REPUBLIKA.CO.ID, JAKARTA -- Bank Indonesia menyatakan fluktuasi nilai tukar rupiah terhadap dolar AS beberapa terakhir ini disebabkan faktor teknikal dari dalam negeri dan luar negeri. Tercatat, nilai tukar rupiah ditutup Rp 15.380 atau melemah 70 poin pada penutupan perdagangan kemarin, Selasa (28/4).
Gubernur Bank Indonesia Perry Warjiyo mengatakan faktor dalam negeri memberikan tekanan terhadap nilai tukar rupiah berasal dari kebutuhan valutas asing dari korporasi yang relatif tinggi.

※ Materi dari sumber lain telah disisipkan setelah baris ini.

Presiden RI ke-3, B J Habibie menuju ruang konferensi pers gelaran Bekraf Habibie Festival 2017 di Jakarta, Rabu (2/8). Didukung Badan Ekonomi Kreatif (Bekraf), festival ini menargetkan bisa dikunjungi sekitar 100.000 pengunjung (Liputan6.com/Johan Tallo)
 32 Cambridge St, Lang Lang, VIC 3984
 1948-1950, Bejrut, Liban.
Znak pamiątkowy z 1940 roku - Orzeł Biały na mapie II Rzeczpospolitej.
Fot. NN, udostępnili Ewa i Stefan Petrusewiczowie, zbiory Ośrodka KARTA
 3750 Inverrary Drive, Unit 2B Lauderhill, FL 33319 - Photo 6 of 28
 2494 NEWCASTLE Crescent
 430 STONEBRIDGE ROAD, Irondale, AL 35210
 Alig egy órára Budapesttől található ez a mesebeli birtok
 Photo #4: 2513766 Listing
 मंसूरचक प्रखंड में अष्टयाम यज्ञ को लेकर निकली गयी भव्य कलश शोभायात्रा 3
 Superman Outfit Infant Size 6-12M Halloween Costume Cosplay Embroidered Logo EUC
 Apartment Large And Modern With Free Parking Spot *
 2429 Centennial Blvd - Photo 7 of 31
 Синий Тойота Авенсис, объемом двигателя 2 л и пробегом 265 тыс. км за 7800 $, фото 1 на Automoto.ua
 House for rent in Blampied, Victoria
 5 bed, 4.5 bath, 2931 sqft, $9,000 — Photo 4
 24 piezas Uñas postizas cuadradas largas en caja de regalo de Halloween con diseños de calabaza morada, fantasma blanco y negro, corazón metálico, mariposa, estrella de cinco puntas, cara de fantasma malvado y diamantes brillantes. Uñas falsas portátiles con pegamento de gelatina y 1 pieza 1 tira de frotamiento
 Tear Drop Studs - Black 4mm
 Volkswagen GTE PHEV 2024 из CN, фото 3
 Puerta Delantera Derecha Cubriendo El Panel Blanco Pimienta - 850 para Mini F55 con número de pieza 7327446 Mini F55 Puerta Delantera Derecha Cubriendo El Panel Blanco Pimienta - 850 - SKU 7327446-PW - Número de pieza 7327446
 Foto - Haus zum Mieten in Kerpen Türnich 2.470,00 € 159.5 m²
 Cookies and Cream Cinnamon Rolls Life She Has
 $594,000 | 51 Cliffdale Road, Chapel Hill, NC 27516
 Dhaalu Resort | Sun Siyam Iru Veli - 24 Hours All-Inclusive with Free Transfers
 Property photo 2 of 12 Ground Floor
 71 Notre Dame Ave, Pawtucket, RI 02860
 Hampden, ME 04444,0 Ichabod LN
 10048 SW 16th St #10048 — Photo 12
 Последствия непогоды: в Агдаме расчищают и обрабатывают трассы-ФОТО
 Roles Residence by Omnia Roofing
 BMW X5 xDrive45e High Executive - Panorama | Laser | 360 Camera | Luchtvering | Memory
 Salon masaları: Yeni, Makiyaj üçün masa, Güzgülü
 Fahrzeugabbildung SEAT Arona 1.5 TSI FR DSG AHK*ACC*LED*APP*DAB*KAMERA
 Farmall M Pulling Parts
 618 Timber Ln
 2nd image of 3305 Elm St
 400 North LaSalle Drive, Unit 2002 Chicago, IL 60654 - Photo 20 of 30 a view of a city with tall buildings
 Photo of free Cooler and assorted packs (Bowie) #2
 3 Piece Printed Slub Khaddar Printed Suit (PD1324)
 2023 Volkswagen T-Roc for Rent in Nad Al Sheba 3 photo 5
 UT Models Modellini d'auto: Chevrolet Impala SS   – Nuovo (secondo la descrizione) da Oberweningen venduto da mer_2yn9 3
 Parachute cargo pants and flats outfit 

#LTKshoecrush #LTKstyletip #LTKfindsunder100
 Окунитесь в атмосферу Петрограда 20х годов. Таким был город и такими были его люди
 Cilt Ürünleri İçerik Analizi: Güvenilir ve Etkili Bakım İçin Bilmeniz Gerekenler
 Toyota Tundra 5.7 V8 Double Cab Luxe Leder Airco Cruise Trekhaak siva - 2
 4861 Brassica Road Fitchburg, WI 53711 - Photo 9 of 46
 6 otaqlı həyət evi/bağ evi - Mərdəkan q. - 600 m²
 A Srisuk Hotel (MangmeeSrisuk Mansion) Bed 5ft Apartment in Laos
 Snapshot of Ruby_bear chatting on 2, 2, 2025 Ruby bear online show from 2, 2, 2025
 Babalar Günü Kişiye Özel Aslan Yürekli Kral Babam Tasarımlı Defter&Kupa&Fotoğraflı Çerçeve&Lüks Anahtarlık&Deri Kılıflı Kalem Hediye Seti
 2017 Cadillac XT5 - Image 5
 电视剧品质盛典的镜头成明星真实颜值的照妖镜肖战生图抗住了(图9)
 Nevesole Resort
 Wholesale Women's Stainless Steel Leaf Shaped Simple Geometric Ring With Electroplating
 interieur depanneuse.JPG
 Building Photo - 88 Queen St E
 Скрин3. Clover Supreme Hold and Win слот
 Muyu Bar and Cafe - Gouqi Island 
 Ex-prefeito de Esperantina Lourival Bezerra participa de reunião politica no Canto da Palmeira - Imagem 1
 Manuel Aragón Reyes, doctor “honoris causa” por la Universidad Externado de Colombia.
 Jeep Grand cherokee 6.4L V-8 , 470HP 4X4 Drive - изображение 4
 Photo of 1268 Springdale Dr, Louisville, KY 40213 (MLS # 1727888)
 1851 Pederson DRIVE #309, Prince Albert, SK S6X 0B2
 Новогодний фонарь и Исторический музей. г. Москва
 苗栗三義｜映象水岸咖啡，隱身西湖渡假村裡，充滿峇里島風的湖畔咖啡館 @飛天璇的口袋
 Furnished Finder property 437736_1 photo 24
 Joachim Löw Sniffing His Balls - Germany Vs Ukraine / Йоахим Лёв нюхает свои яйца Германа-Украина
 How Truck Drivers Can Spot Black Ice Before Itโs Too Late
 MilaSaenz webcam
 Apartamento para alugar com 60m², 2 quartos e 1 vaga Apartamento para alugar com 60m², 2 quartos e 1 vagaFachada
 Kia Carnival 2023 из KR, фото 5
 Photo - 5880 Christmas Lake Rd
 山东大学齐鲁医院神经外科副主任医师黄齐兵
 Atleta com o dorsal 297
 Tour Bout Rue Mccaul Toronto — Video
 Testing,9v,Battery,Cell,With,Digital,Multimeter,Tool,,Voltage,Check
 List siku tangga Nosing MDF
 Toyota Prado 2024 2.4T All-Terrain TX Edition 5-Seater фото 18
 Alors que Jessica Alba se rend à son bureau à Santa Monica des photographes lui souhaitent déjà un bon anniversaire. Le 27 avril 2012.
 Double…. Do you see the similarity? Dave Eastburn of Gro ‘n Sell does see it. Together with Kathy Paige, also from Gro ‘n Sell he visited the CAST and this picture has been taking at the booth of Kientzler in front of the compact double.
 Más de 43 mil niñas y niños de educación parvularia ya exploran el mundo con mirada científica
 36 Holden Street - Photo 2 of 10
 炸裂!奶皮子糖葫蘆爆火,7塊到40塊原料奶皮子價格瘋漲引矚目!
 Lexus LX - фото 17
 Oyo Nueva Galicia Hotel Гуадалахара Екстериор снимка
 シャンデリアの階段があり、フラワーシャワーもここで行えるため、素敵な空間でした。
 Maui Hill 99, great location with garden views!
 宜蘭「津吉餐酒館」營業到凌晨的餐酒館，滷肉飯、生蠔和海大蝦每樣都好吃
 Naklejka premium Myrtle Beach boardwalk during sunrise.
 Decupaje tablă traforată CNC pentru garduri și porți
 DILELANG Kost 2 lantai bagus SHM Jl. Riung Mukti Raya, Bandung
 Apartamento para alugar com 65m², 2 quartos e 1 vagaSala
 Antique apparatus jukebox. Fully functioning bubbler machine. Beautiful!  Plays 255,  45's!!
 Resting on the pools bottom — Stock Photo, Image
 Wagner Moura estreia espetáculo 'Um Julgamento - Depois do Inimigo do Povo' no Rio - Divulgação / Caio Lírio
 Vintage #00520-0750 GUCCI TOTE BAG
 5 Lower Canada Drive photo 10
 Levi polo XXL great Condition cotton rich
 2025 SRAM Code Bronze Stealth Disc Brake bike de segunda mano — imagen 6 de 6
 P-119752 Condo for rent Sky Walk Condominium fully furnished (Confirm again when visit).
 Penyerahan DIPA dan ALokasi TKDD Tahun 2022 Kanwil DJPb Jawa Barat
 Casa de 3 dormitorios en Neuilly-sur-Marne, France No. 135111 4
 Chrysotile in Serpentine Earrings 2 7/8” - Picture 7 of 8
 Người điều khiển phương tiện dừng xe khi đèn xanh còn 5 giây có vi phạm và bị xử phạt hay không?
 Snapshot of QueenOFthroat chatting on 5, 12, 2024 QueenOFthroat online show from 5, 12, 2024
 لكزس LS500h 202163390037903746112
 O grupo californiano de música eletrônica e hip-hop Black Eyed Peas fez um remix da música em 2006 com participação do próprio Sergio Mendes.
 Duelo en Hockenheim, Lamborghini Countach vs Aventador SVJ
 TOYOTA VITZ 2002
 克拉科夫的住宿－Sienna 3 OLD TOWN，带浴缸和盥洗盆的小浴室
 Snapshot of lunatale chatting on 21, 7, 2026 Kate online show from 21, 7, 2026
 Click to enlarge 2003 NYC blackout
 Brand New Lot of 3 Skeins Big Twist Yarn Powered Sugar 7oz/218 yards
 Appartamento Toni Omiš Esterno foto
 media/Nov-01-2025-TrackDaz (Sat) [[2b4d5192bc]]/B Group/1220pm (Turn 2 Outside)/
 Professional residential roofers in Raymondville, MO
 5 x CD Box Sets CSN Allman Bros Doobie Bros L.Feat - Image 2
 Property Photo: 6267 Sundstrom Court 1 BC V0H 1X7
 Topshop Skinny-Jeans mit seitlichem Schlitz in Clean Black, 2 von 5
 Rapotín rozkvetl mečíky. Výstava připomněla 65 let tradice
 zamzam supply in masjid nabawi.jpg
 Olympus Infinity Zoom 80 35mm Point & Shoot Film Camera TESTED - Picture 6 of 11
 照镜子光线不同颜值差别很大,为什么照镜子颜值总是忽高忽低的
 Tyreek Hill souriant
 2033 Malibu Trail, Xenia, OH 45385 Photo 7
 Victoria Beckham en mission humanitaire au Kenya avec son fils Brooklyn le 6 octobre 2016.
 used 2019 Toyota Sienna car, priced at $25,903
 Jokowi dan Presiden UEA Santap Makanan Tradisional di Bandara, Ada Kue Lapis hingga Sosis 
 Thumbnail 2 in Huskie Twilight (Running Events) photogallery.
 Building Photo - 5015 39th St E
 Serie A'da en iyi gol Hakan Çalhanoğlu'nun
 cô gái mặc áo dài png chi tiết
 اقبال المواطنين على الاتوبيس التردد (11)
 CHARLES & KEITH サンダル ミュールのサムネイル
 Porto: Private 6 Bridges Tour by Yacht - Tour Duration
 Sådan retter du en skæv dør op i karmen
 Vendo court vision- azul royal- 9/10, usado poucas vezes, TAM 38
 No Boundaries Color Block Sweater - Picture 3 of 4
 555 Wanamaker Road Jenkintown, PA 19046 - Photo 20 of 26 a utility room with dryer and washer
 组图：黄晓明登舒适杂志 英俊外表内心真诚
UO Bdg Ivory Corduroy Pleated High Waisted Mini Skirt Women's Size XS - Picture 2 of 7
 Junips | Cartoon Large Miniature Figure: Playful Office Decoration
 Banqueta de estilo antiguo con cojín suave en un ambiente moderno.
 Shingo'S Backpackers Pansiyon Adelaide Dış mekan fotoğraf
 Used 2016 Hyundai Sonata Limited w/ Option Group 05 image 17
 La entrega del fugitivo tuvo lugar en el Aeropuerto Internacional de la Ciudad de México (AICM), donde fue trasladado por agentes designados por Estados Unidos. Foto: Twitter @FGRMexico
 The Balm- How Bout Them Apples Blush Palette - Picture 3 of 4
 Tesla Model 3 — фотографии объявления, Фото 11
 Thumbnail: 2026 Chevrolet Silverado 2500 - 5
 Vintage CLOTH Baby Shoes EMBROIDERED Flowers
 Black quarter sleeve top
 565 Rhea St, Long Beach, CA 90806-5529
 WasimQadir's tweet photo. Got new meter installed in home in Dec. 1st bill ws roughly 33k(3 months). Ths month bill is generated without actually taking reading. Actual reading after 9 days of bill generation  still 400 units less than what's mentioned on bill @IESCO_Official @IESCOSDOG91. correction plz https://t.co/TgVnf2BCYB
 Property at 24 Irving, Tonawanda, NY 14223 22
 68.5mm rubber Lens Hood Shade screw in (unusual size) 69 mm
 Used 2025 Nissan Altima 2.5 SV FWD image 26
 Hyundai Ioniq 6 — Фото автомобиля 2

“Misalnya dari dalam negeri kebutuhan valuta asing untuk korporasi itu lebih tinggi dan ini memengaruhi permintaan valas," ujarnya saat video conference di Jakarta, Rabu (29/4).
Menurutnya sentimen dalam negeri juga disebabkan oleh adanya penerapan Pembatasan Sosial Berskala Besar (PSBB), sehingga pelaku pasar melihat kondisi ini memberikan tekanan terhadap nilai tukar rupiah. Kemudian prediksi Fitch terkait pertumbuhan ekonomi Indonesia pada level 2,8 persen yang lebih rendah dari tahun sebelumnya juga memengaruhi nilai tukar rupiah.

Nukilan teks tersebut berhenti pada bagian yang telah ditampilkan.